Пока мы шли назад, образ Альбертины, озаренный светом, исходившим от других девушек, уживался во мне с другими впечатлениями. Но как луна, днем кажущаяся маленьким белым облачком, очертаниями слегка напоминающим луну, ночью предстает нам во всей красе, так, не успел я вернуться в гостиницу, взошел над моим сердцем и засиял единственный в своем роде образ Альбертины. Комната показалась мне совсем новой.
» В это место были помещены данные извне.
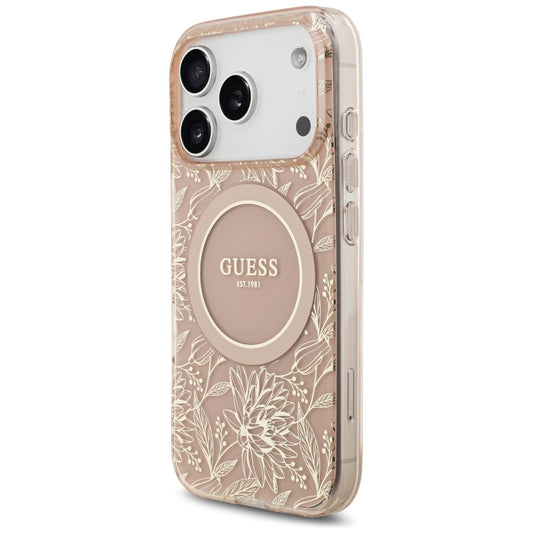 Puzdro MagSafe pre Apple iPhone 17 Pro, Guess, IML Flowers Allover Electroplated with Pearl Strap, Ružové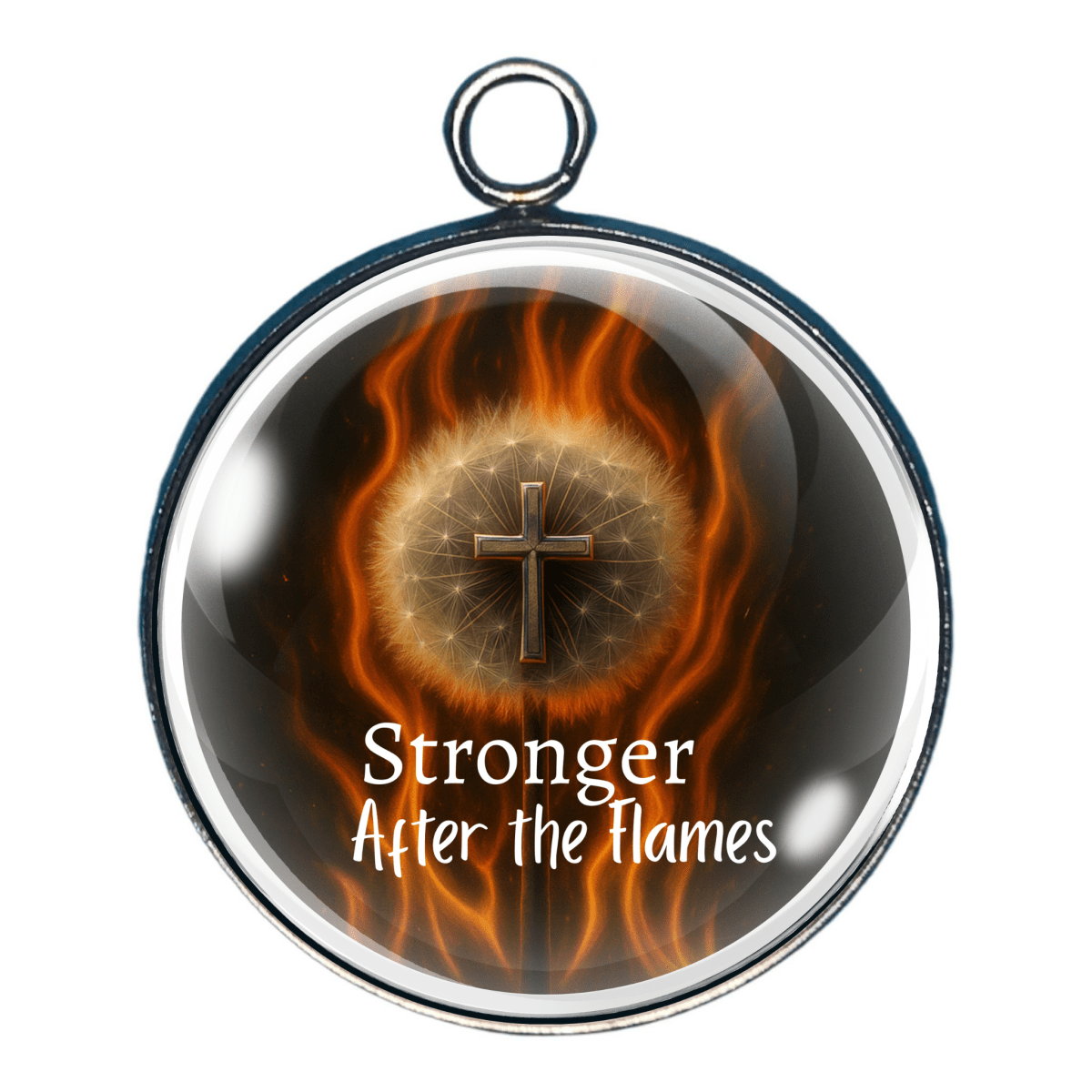 Flamies around a dandilion sead puff with a cross in the middle. and text 'Stronger After the Flames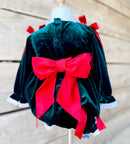 Girls Green Velvet Smocked Bloomer Set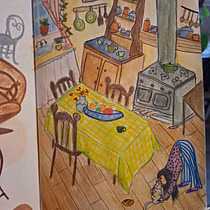 Memo m'attendait pour prendre notre petit-déjeuner ensemble.🐈⬛☕️🥐 . Sketching, Creativit, Drawing, Traditional illustration, Watercolor Painting, and Sketchbook project by rebeca_carias - 06.02.2026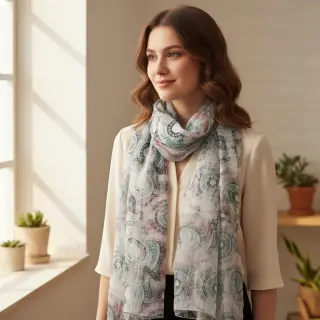 Viskóza RAYON POPLIN Patchwork pattern design B digital print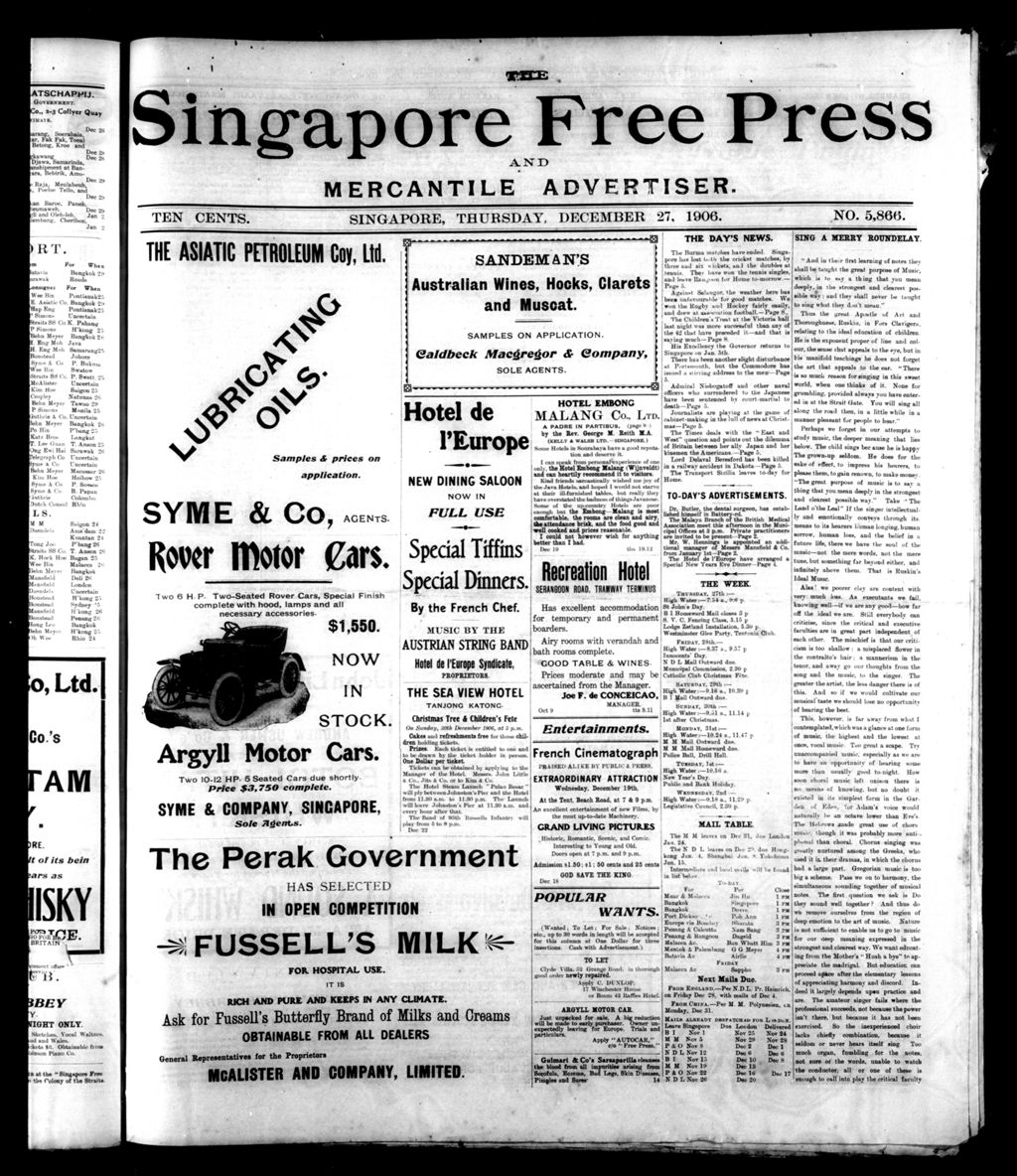 Miniature of Singapore Free Press and Mercantile Advertiser 27 December 1906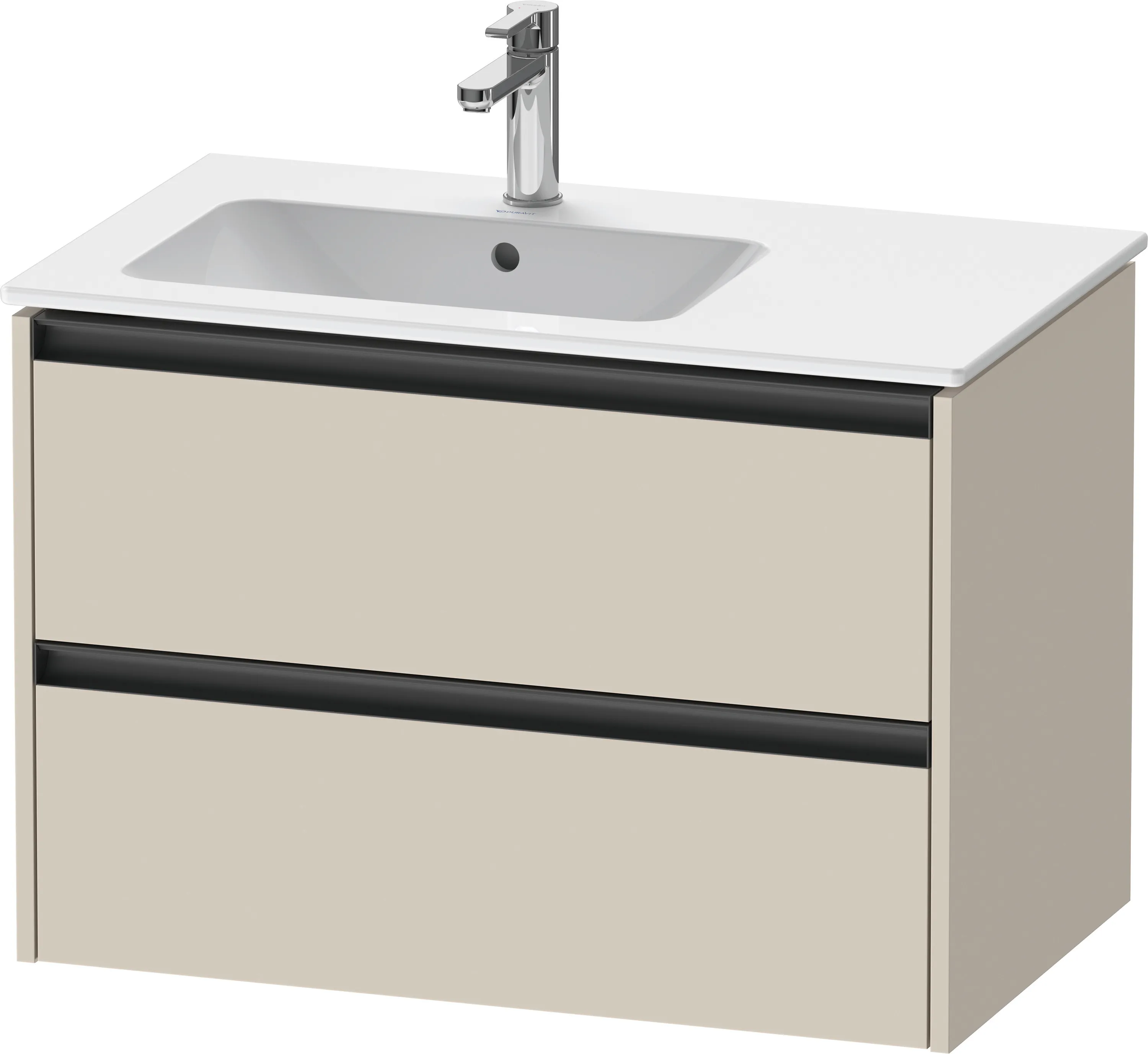 Duravit Waschtischunterschrank wandhängend „Ketho.2“ 81 × 54,9 × 48 cm Taupe Supermatt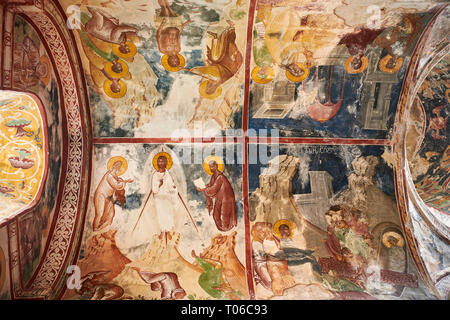 Photos et images de l'abside byzantines Gelati fresque dans l'Église orthodoxe de Géorgie St George, 13e siècle, représentant des scènes de la vie de Chris Banque D'Images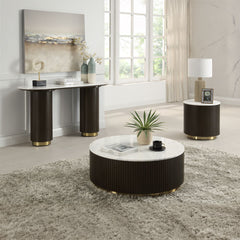 Clayten - Sofa Table - White Natural Marble Top & Espresso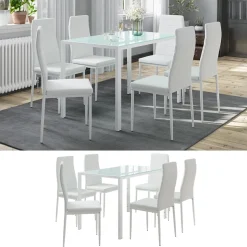Esstisch-Set Grand Weiß 120 x 75 cm mit 6 Stühlen Vicco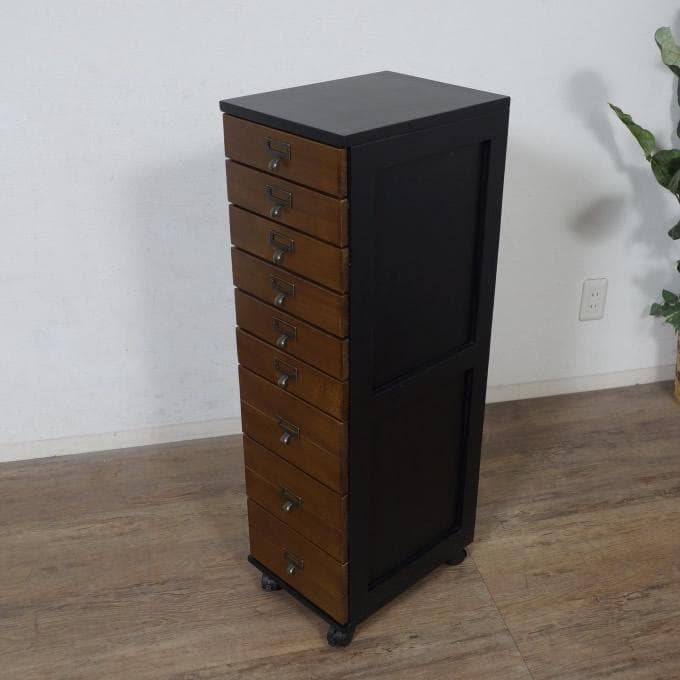 【新品】北欧風 スリムチェスト 9段 ファイル収納　キャスター付き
Конечно, она уже давно не была враждебной, как в первый вечер. Мы неустанно видоизменяем свое жилье и, по мере того как привычка делает нас всё менее чувствительными, изымаем вредоносные цвета и запахи, воплощавшие наше недовольство. Но эта комната, еще не потеряв на меня влияния, уже не в силах была не только опечалить меня, но и обрадовать: это уже не был ни отстойник ясных дней, бассейн, где они отражались в виде омытой светом лазури, которую на миг затягивало, неосязаемое и белое, как излучение зноя, отражение туманной пелены, ни чисто эстетическое прибежище пейзажных вечеров, а просто спальня, где я провел столько вечеров, что больше ее не замечал. А теперь я вновь ее видел, но уже с эгоистической точки зрения, ведь это и есть точка зрения любви. Я мечтал, как придет Альбертина и, видя прекрасное наклонное зеркало и элегантные книжные шкафы, подумает обо мне с уважением. Это уже не было место, куда я забегал на минутку перед тем, как умчаться на пляж или в Ривбель: моя комната обрела реальность, я опять ее любил, она и выглядела по-новому, потому что на каждый предмет обстановки я смотрел теперь глазами Альбертины.
Через несколько дней после игры в хорька мы на прогулке зашли слишком далеко и очень обрадовались, найдя в Менвиле две маленькие повозки, двухместные и двухколесные, благодаря которым сможем успеть к обеду; и так велика уже была моя любовь к Альбертине, что я предложил сесть в одну повозку со мной сперва Розмонде, потом Андре, а Альбертине ни разу не предложил; затем, продолжая уговаривать то Андре, то Розмонду, я второстепенными соображениями о времени, дороге и пальто подвел всех к решению, принятому вроде бы против моей воли, что удобнее всего будет, если я поеду с Альбертиной — на что я скрепя сердце согласился. Увы, любовь стремится полностью поглотить любимое существо, а разговорами сыт не будешь: на обратном пути Альбертина изо всех сил старалась быть приветливой, и высаживая ее у ее дома, я был счастлив, но не только не насытился ее обществом, а изголодался по ней еще больше, и время, которое мы провели вдвоем, рассматривал только как ничтожную прелюдию к дальнейшему. Хотя на самом деле в этой прогулке таилось то первое очарование, которое потом бесследно исчезает. Я еще ничего не попросил у Альбертины. Она могла воображать, чего я хочу, но, ничего не зная наверняка, предполагать, что я стремлюсь к необязательным легким отношениям, в которых ей чудилось нечто смутно-восхитительное, чреватое неизбежными сюрпризами, то есть романтикой.